In Texas I purchased 14 acres that had once been part of a large cotton farm and after depletion by cotton it was shifted to cattle and was over grazed, losing organic matter in the soil.
The first year I had a bulldozer come in and dig a pond that filled with water drainage from the slope. It kept water all year and ranged in size from 20 by 40 to 40 by 80. It was a wildlife attractor and was close to a seasonal creek that served as a wildlife corridor. Best of all, it allowed wetland species to grow. I cried the first time I saw green frogs in there, they are an indicator of low toxins from the drainage field.
The property had 15 feet of Vertisol clay with a high expansion rate and churn so all was mixed and had no noticeable soil layers. It was part of the Post Oak Savanah but had three other ecosystems within a few miles.
I did an initial walkabout that documented 15 species. It had been bulldozed into terraces for cotton and then seeded with coastal grass for cattle. Over 100 years of monoculture took its toll.
From my viewpoint, it had a very dead aspect much like most of Hunt County, Texas. Almost no wildlife to be seen. I went online and found a list of about 90 plant species native to the county, then built a spreadsheet to help me track species as they arrived.

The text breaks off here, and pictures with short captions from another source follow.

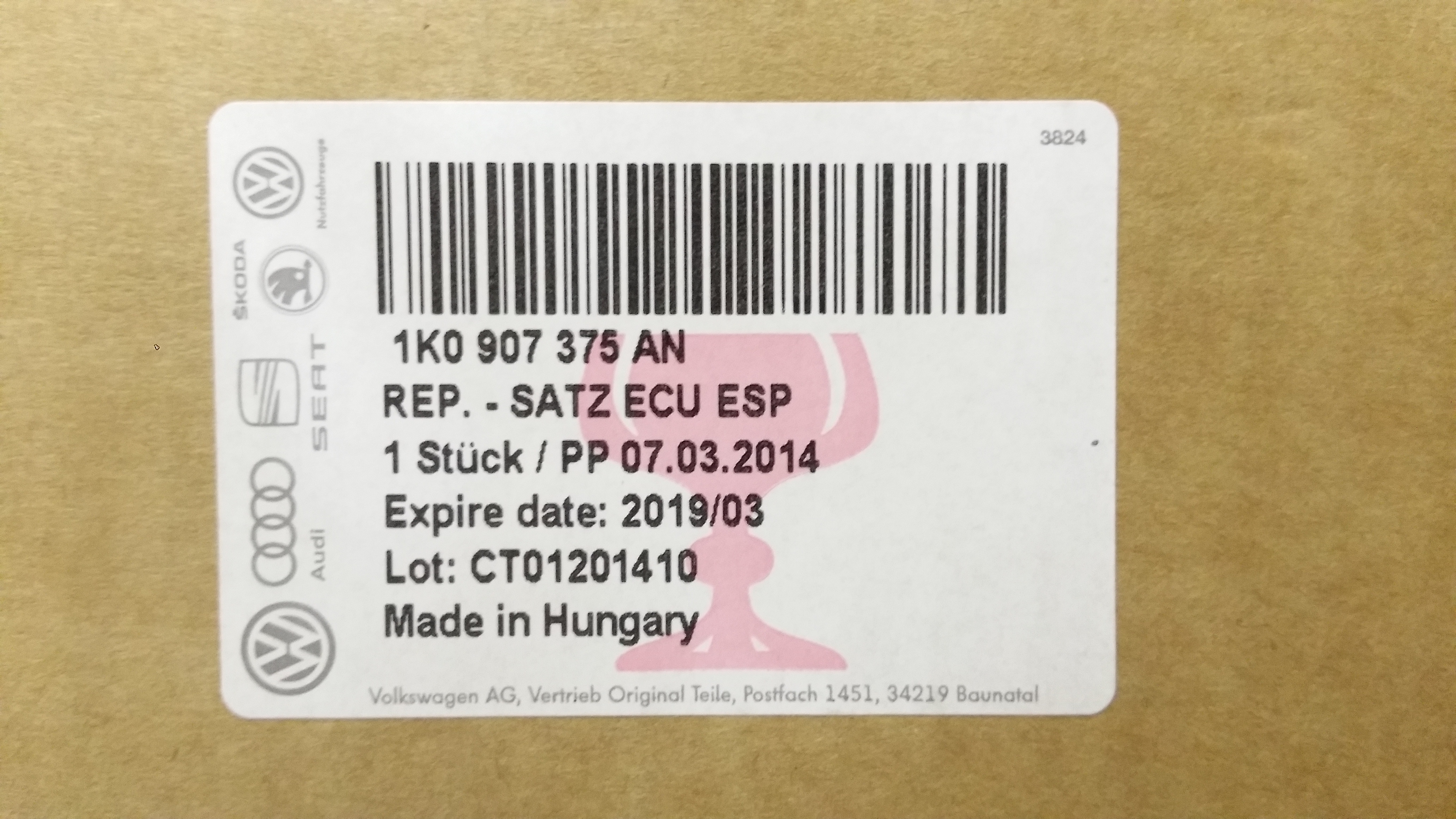 Control Module 1K0-907-375-AH - View 5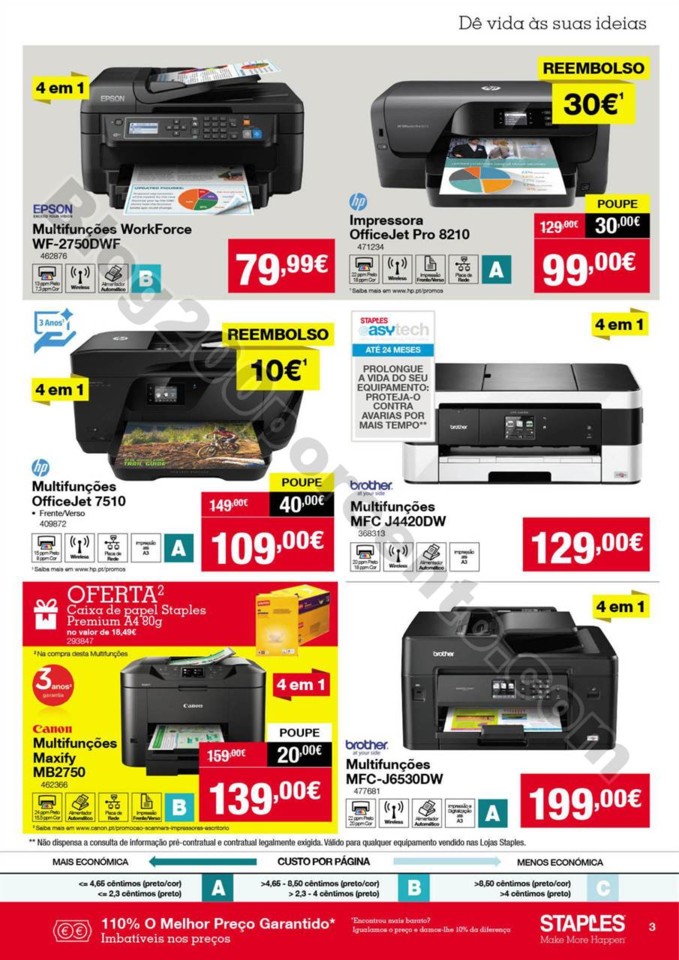 Antevisão folheto STAPLES Promoções de 28 març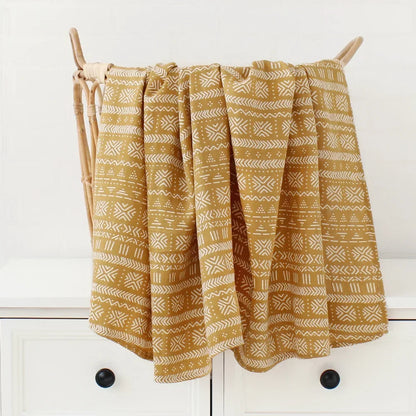 Bamboo Swaddle Blanket Baby Blankets Newborn Muslin Blanket Organic Cotton Soft New Born Wrap 5 Petal Flower for Spring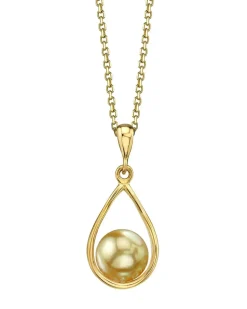 Golden South Sea Pearl Darling Pendant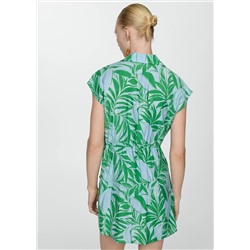 Vestido cruzado estampado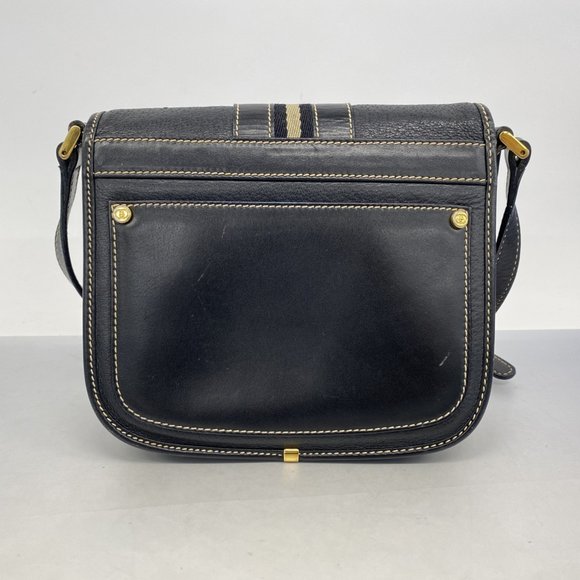 Gucci Shoulder Bag 007 261 0715 Leather Black Women's - Picture 14 of 14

The property had a exemption for hay production, but it was not producing well. I decided to let it lay fallow for at least a year.
Reseeding 14 acres of prairie is an expensive proposition. Luckily the university had already reseeded a few acres only 4 miles from me so I could count on some species brought in by birds. My dead property just did not attract birds.
I pondered the budget/reseed issue, then purchased 4 pounds of sunflower seeds. I drove my pickup around that whole property tossing out sunflower seeds, keeping them spread out so that they would cover as much area as possible. It also made my seed less likely to get lost in a field mice gorge fest.
Amazed me but I got a good crop of sunflowers without plowing or drilling them into the ground. It did the job and brought in birds! I definitely needed some (free to me) labor and here they were.
By the following year I was seeing what I call “bird” plants, the ones whose main distributors are birds. These are also the ones most likely to be edible for me. My sunflowers increased and were a heart stopping sight in the afternoons when all their faces turned west and were lit up by the sun.
Still, this was prairie and most species were disseminated by wind. Down wind from the same depleted land as my own didn’t provide much. It might recover eventually, but I wanted to speed the process up.
Another problem was that it is illegal to collect wildflower seed along Texas highways. Texas seeding is weighted toward “pretty” rather than healthy anyway. I started to take photographs along the roads and noted anything I saw on my chart. Even better, Texans stopped to talk to me (it was the clipboard) and a few gave me permission to walk their properties and collect wildflower seeds. I was in business!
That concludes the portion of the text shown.